TASK GOAL = Make an exact copy, without pictures, of the lines below from the one containing "Kem Bơ Chất Lượng Kém Chap 68 - Next Chap 69" to the last line, both ends included.

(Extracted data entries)
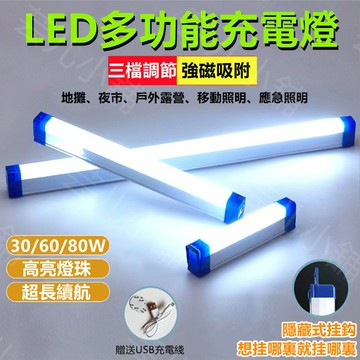 現貨免運 可超取磁吸LED充電燈管 擺攤燈 露營燈 磁吸燈 防水燈 行動燈管 USB充電燈管 應急燈條 夜市擺攤 可掛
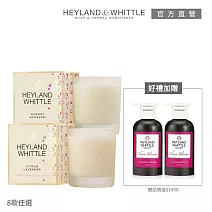 【H&W 英倫薇朶】經典迎賓香氛燭優惠組 #百合依蘭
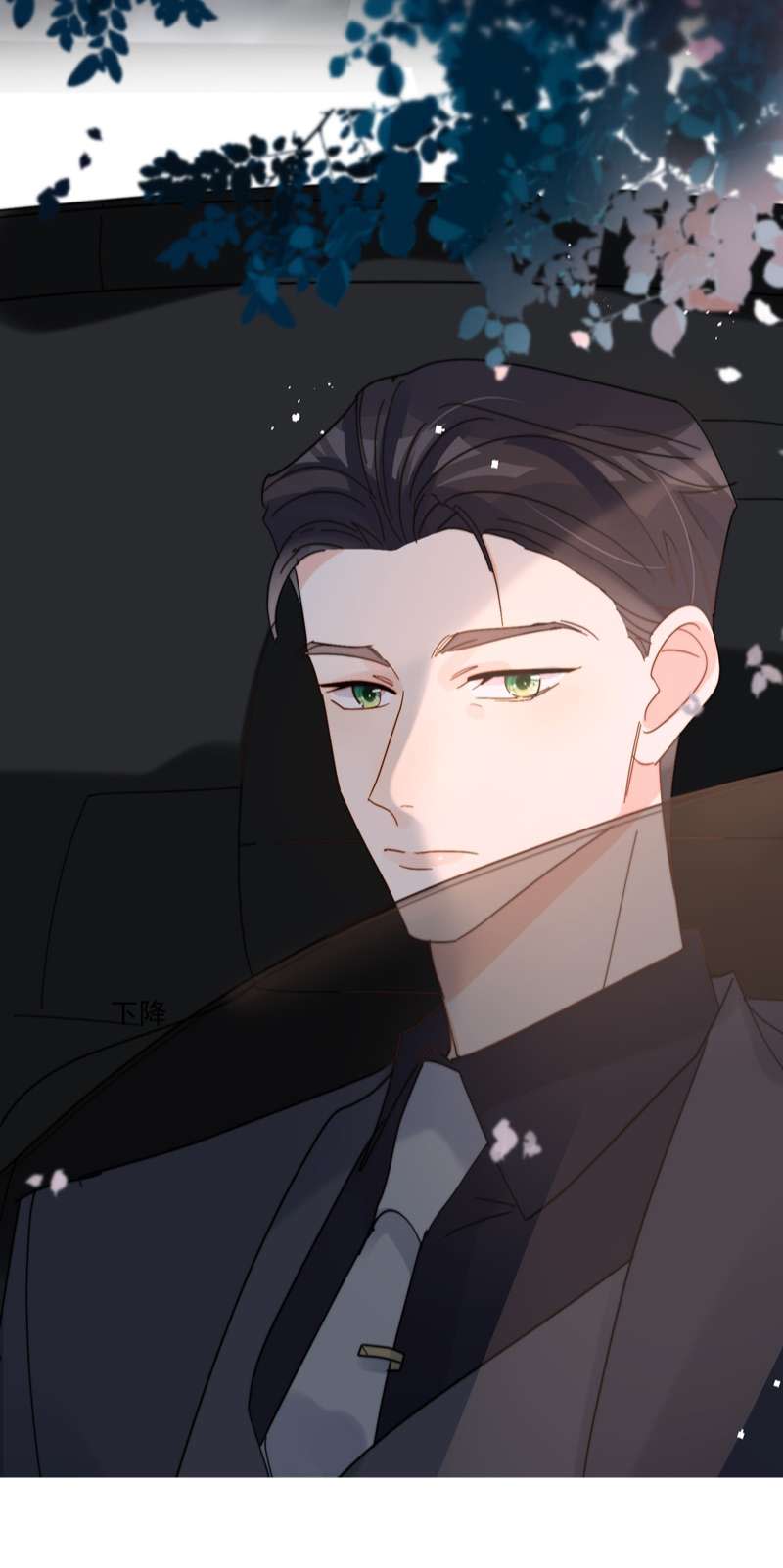 Kem Bơ Chất Lượng Kém Chap 68 - Next Chap 69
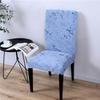 Чехол на стул с геометрическим узором, эластичные чехлы на обеденный стул, эластичный эластичный чехол из спандекса для офисного стула, съемный, 1 шт.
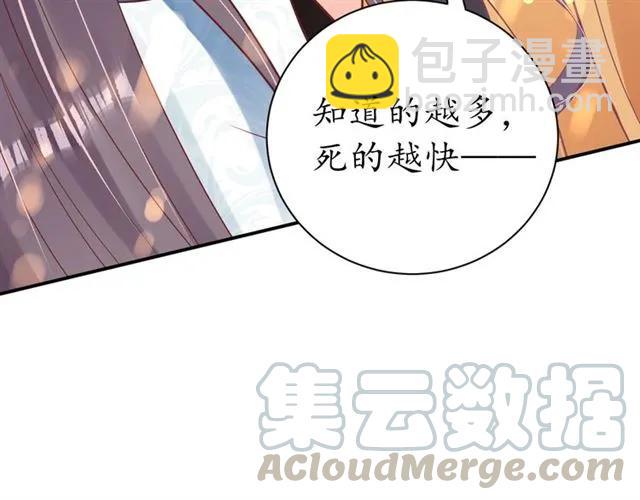 第44话 吐血晕倒(1/3)-第45话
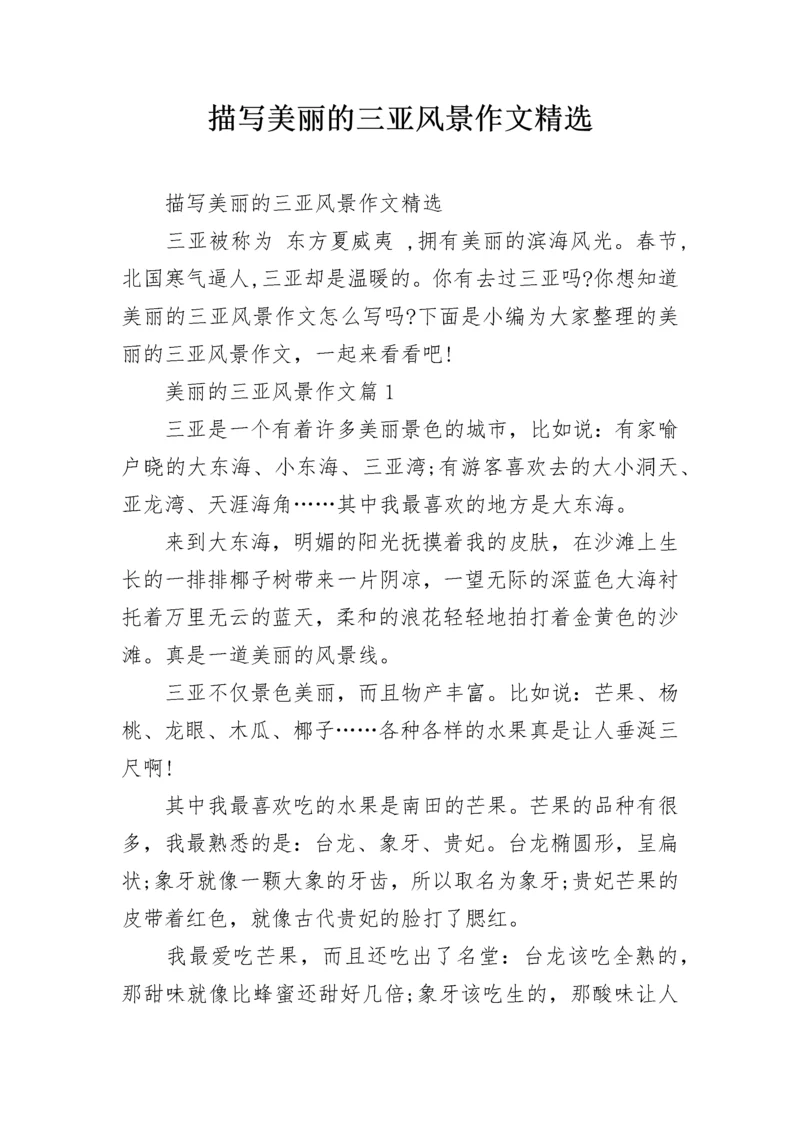 描写美丽的三亚风景作文精选.docx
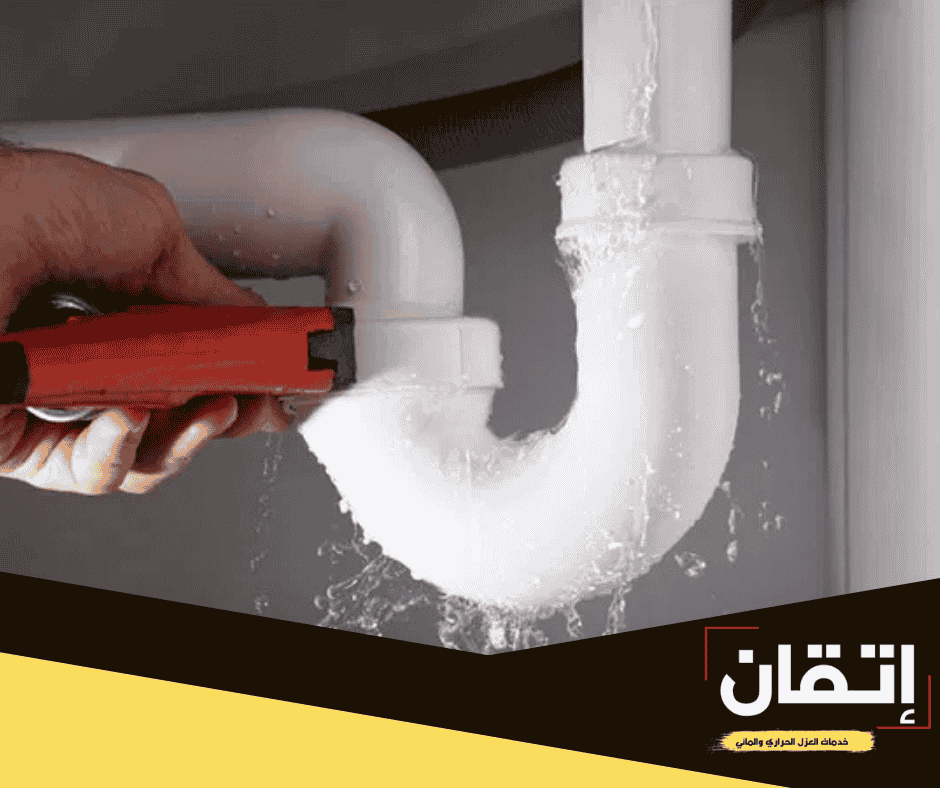 أفضل شركة كشف تسربات مياه بالسعودية إتقان العزل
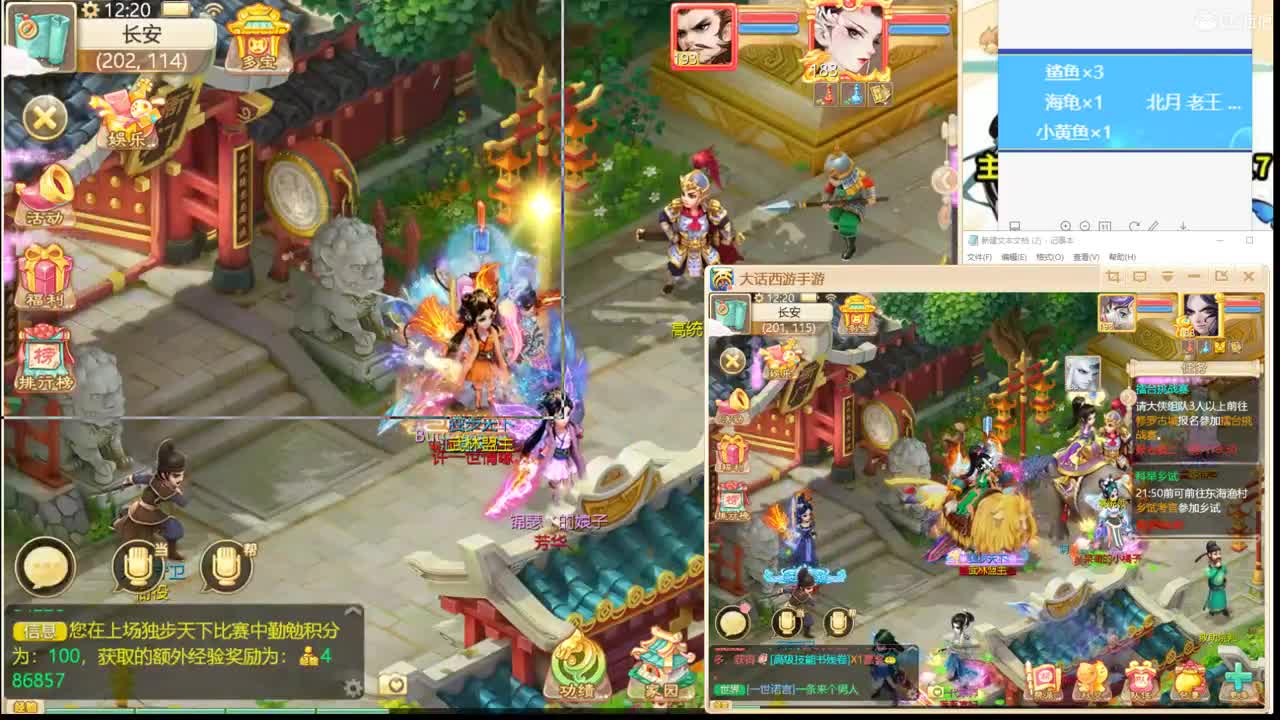 全职业孩子培养进行中！ 第1段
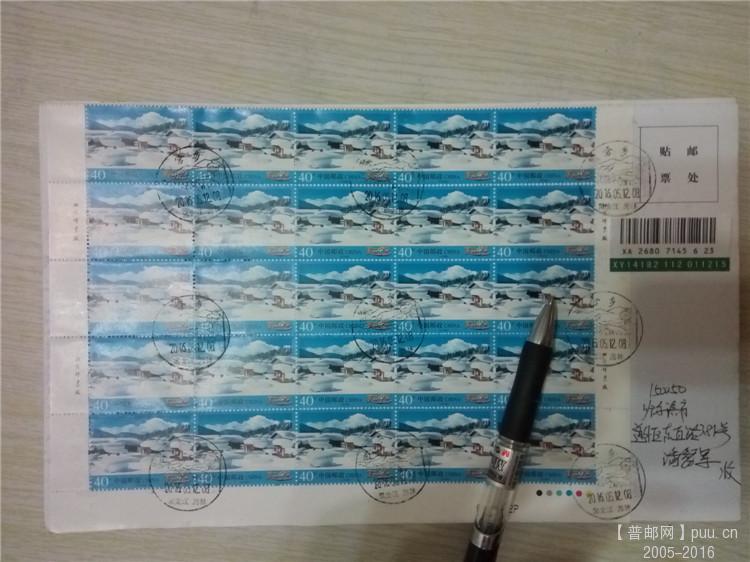 1、 40分雪乡版票（没有完整版）实寄哈尔滨，上边折边处理，加盖风景A日戳。 ... ... ... ...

WRITTEN ANSWER =
 Kem Bơ Chất Lượng Kém Chap 68 - Next Chap 69
 Чехол на стул с геометрическим узором, эластичные чехлы на обеденный стул, эластичный эластичный чехол из спандекса для офисного стула, съемный, 1 шт.
 第44话 吐血晕倒(1/3)-第45话
 描写美丽的三亚风景作文精选.docx
 أفضل شركة كشف تسربات مياه بالسعودية إتقان العزل
 全职业孩子培养进行中！ 第1段
 1、 40分雪乡版票（没有完整版）实寄哈尔滨，上边折边处理，加盖风景A日戳。 ... ... ... ...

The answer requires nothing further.